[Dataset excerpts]
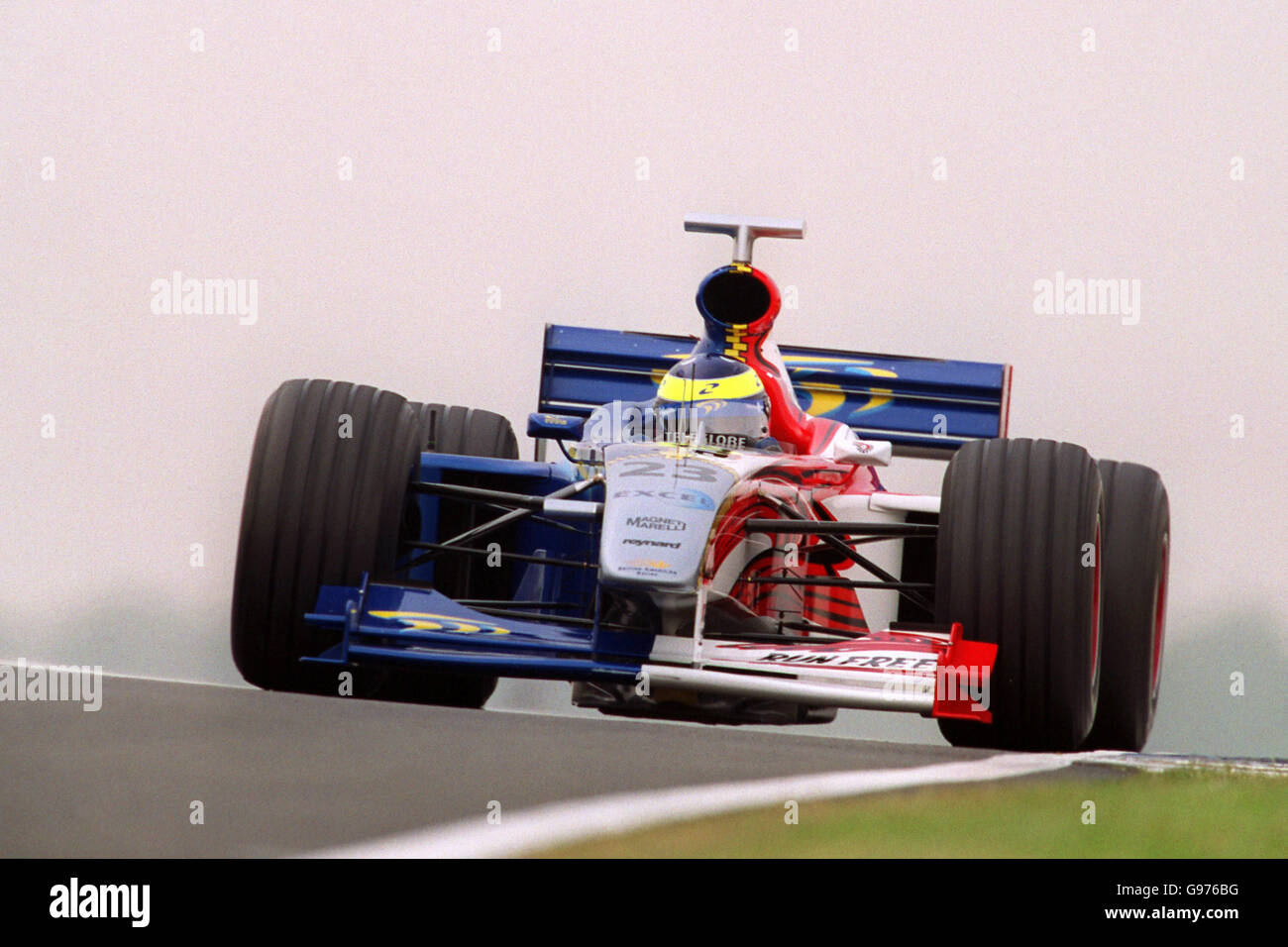 Formula uno Motor Racing - Gran Premio di Gran Bretagna - Qualifiche. Ricardo Zonta in azione durante le Qualifiche Foto Stock
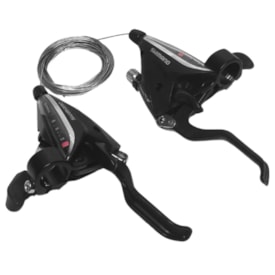 Alavanca Cambio Ez Fire Shimano Acera EF 65 24 Velocidades
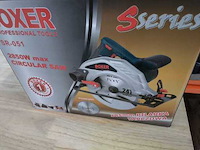 Cirkelzaagmachine 185mm - afbeelding 2 van  4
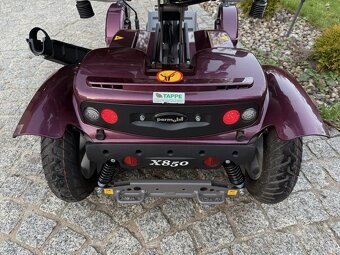 Terenny elekrticky vozik - 18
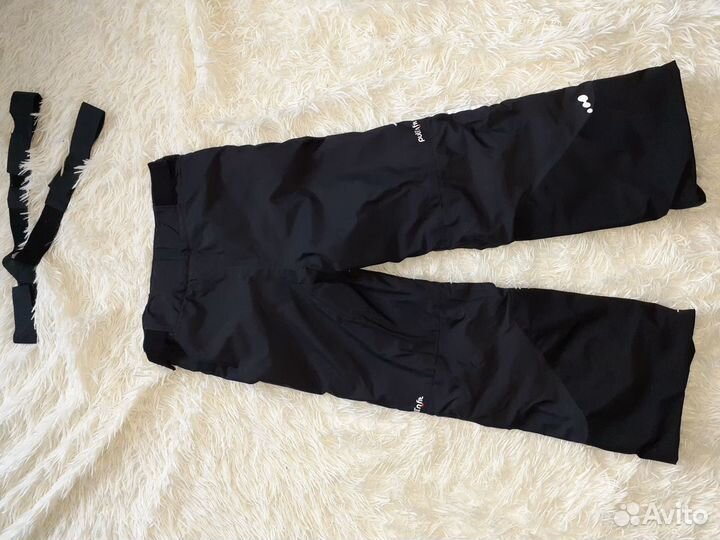 Брюки лыжные водонепроницаемые wedze115-124см 6лет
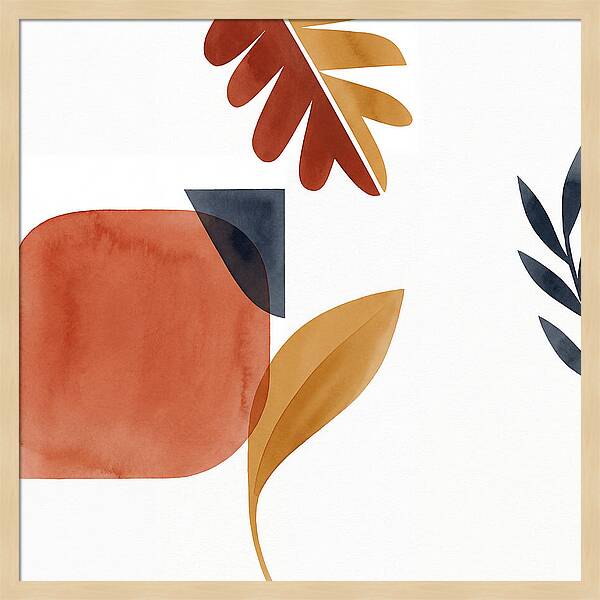 Fall Foliage Minimalism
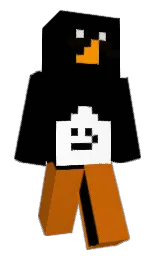 jihocraft's Minecraft skin wearing the Migrator cape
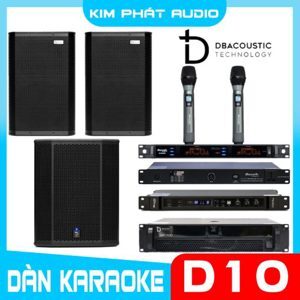 Micro không dây DBacoustic D10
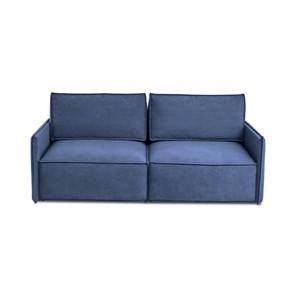 Прямой диван Либерти синий в Чите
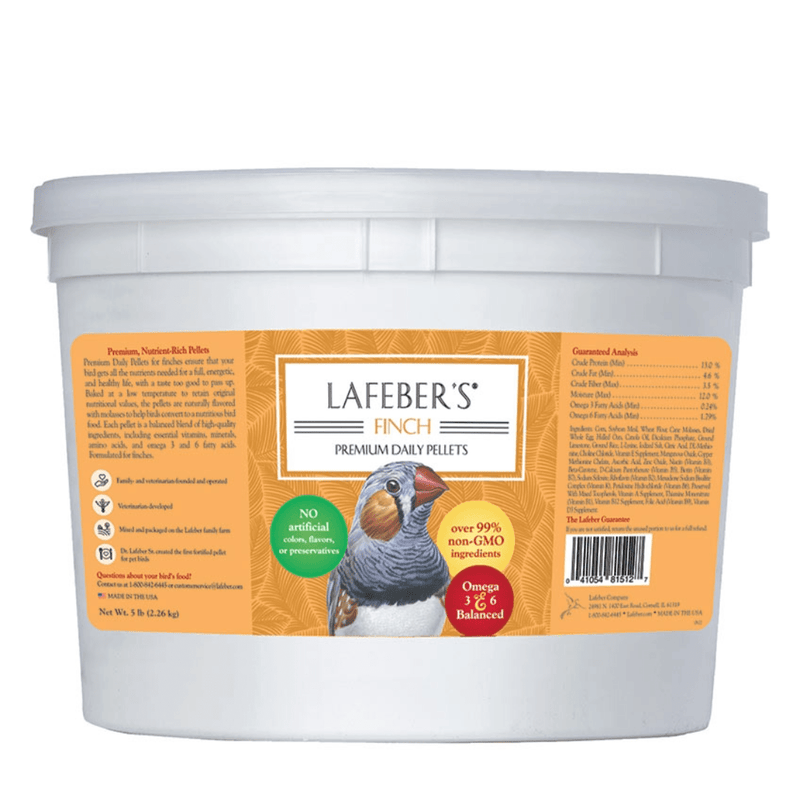 Lafeber Premium Daily Diet Pellets Finches - New York Bird Supply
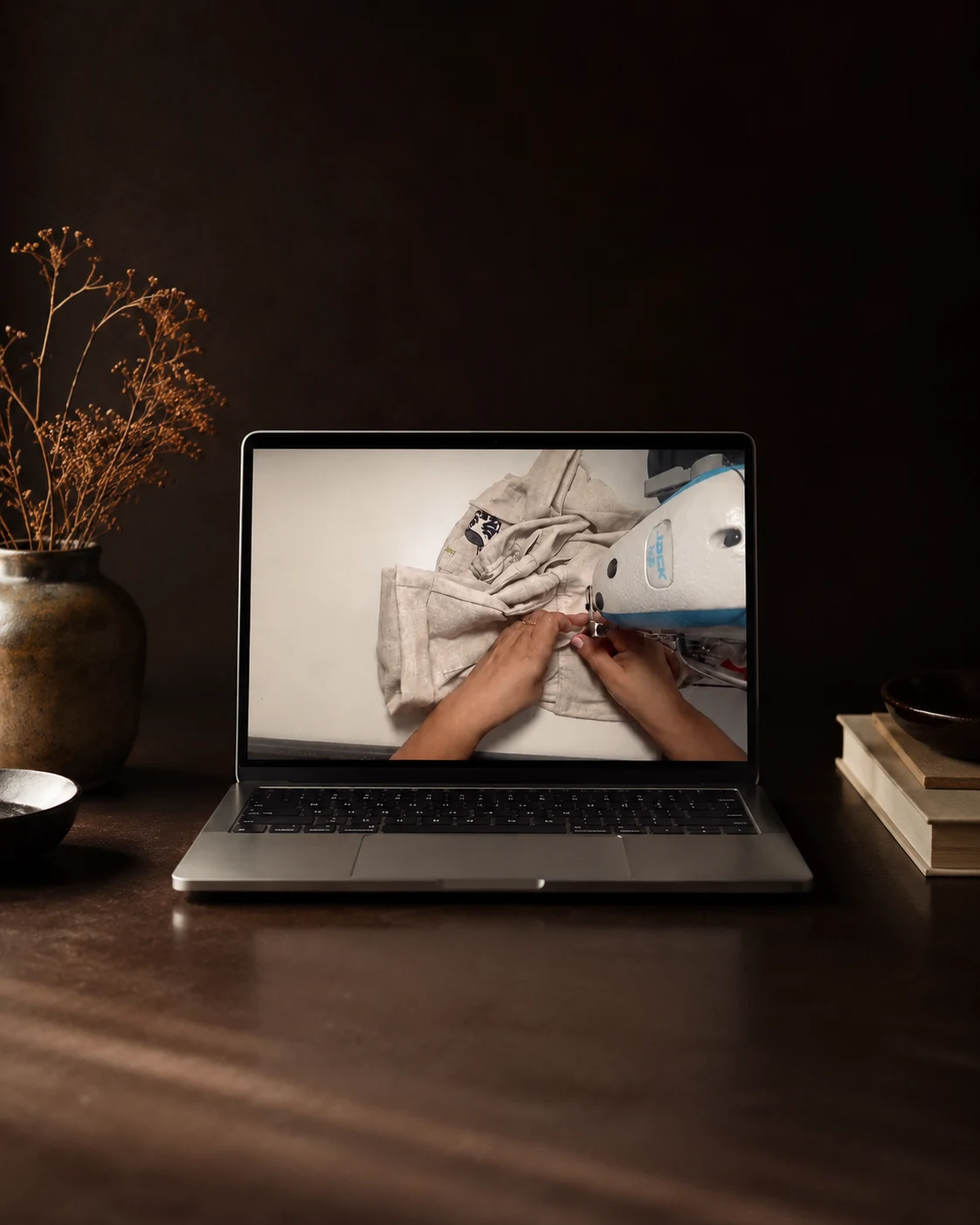 Curso Conjunto Versátil no notebook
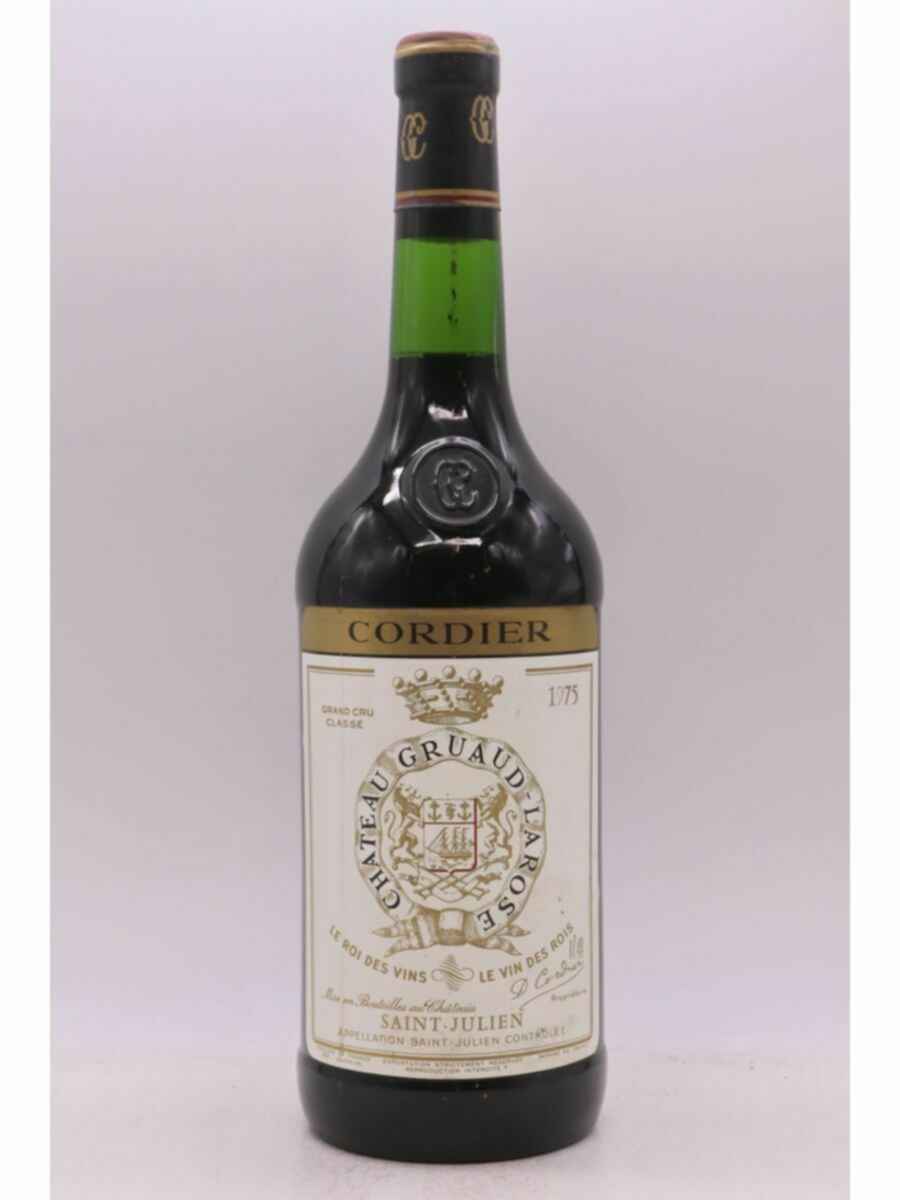 Chateau Gruaud Larose 1975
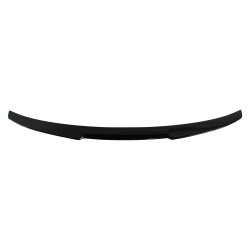 Trunk spoiler glossy black suitable for BMW 3 Series (E92) Coupe, 2006-2013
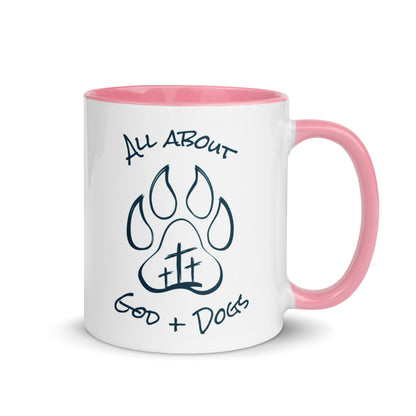 God+Dogs Color Mug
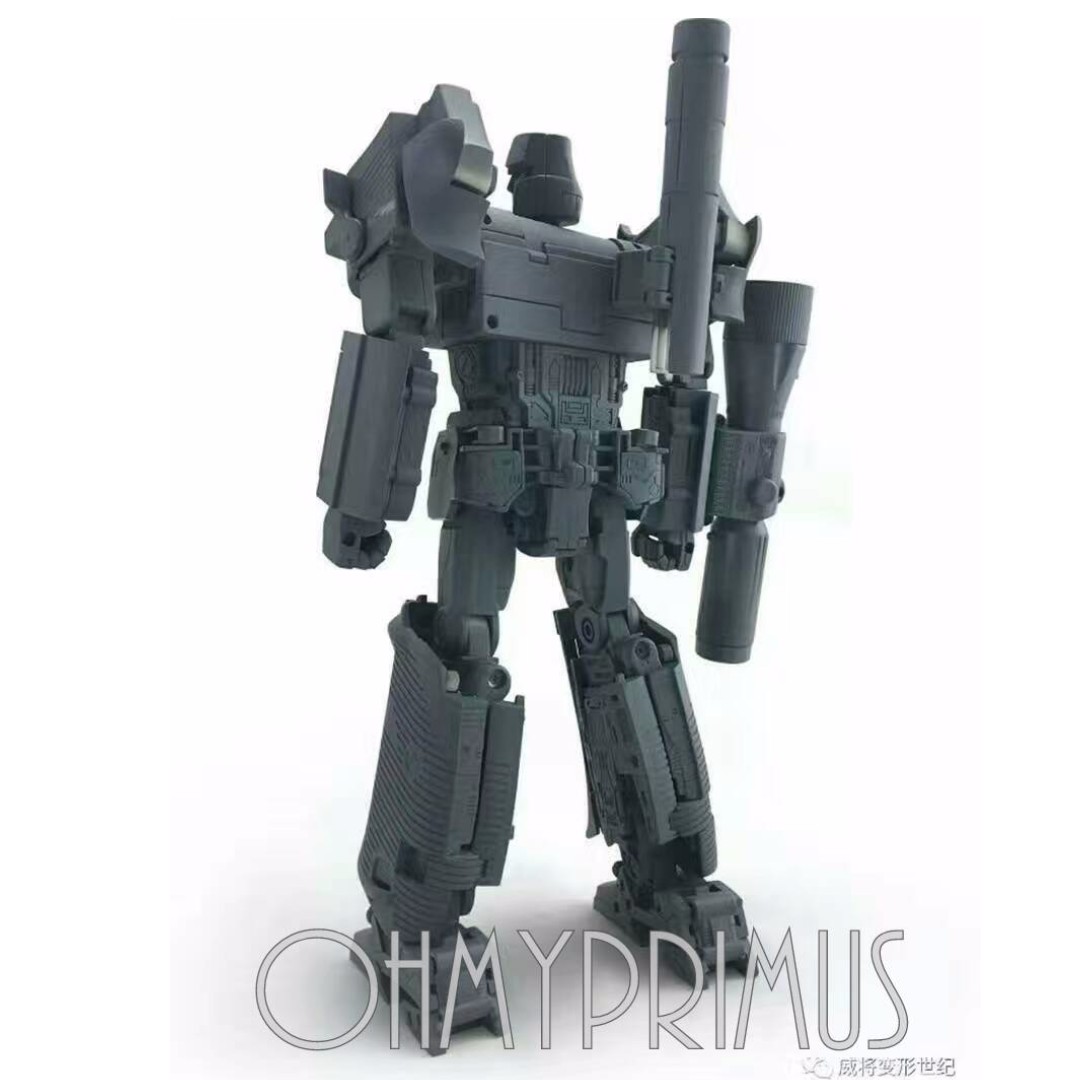Transformers Prime Megatron Bundled Deal MPP10 and MPP36 Oversized WeiJiang Toy 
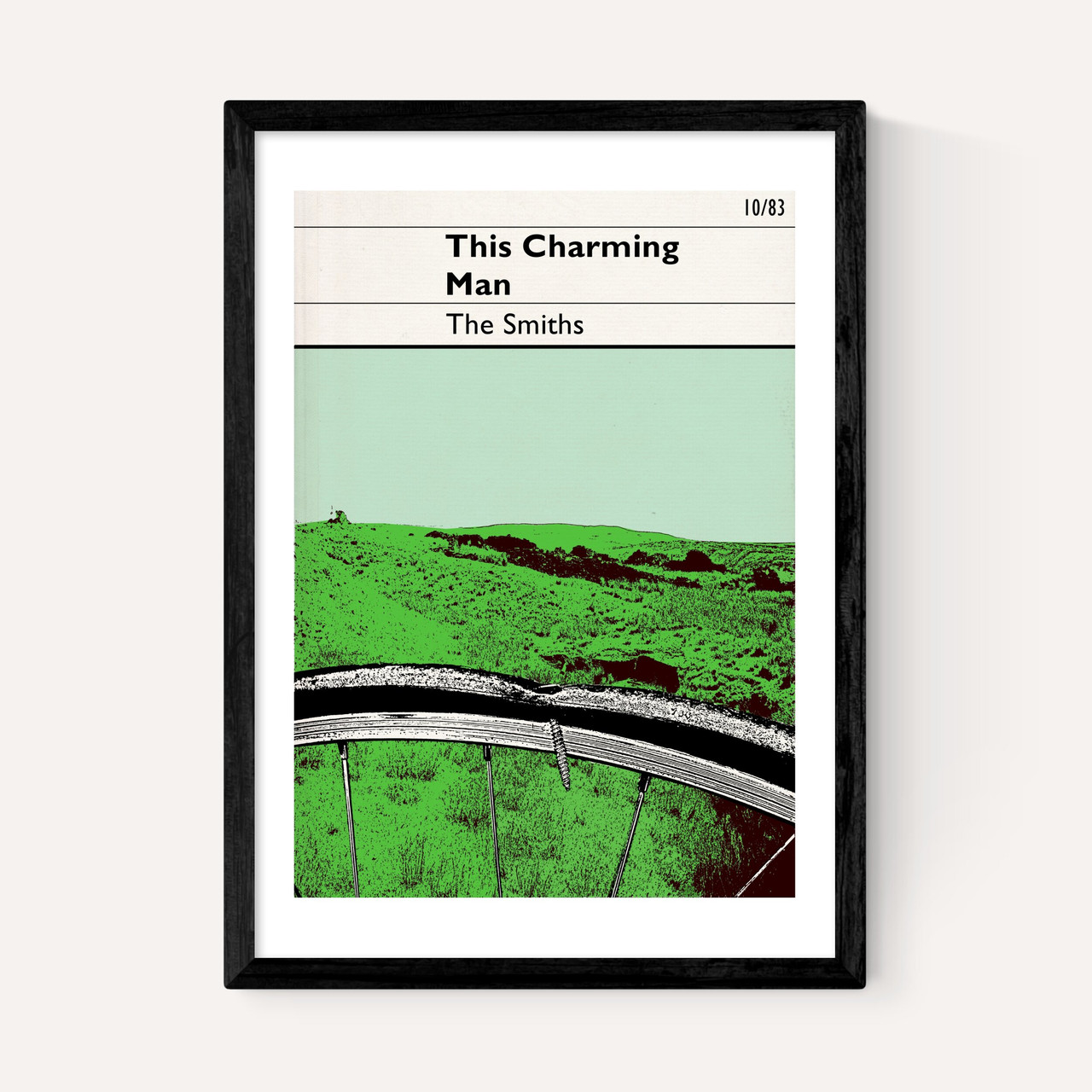 This Charming Man - The Smiths by Indieprints - Art Print - East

PROBLEM DESCRIPTION -
Pictures stay out. Copy exactly, and only, the lines from the one containing "Trunk spoiler glossy" through the end of the data.

WRITTEN RESPONSE -
 Trunk spoiler glossy black suitable for BMW 3 Series (E92) Coupe, 2006-2013
 God+Dogs Color Mug
Transformers Prime Megatron Bundled Deal MPP10 and MPP36 Oversized WeiJiang Toy 
 This Charming Man - The Smiths by Indieprints - Art Print - East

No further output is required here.